━━━ Dataset excerpt ━━━

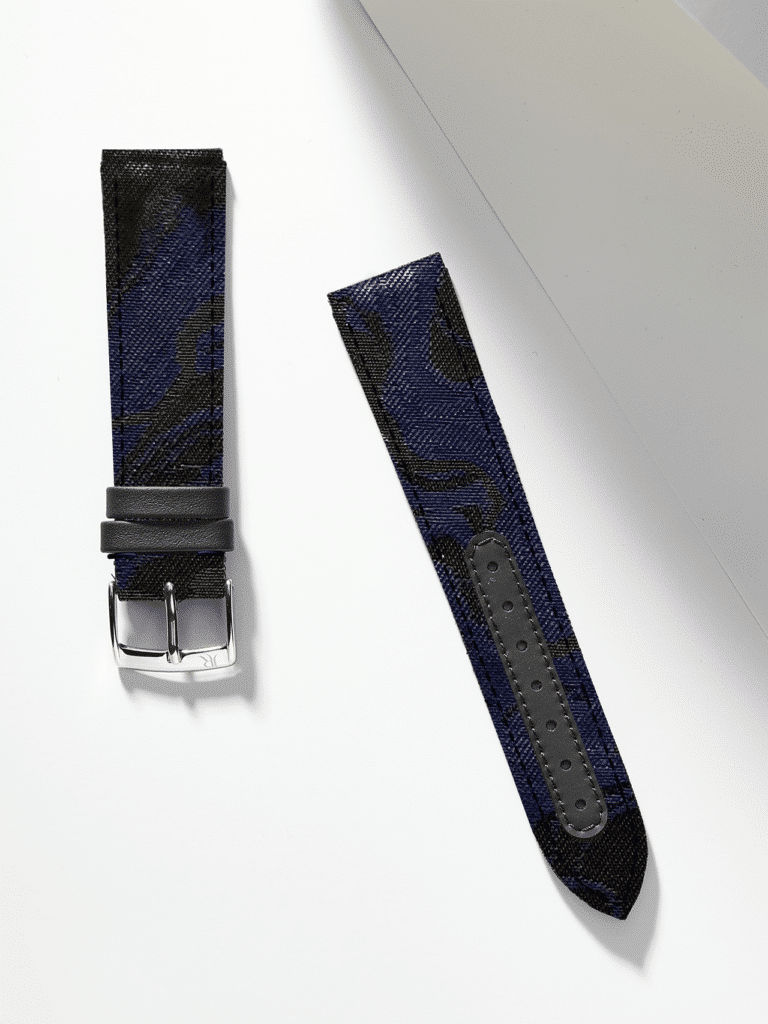Compass-watch-strap-blue-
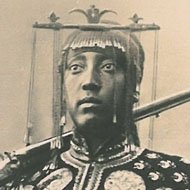 Menelik II (1844 - 1913) (Emperor)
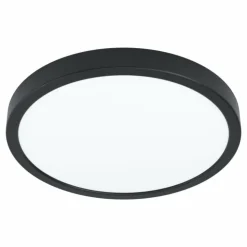 Luminaires Eglo Luminaires Encastrés|Spot encastrable Eglo FUEVA LED Noir, 1 lumière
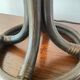 Rattan and cane lamp from the 60s-70s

━━━

Return the data exactly. Pictures stay out.

Compass-watch-strap-blue-
 Menelik II (1844 - 1913) (Emperor)
 Luminaires Eglo Luminaires Encastrés|Spot encastrable Eglo FUEVA LED Noir, 1 lumière
 Rattan and cane lamp from the 60s-70s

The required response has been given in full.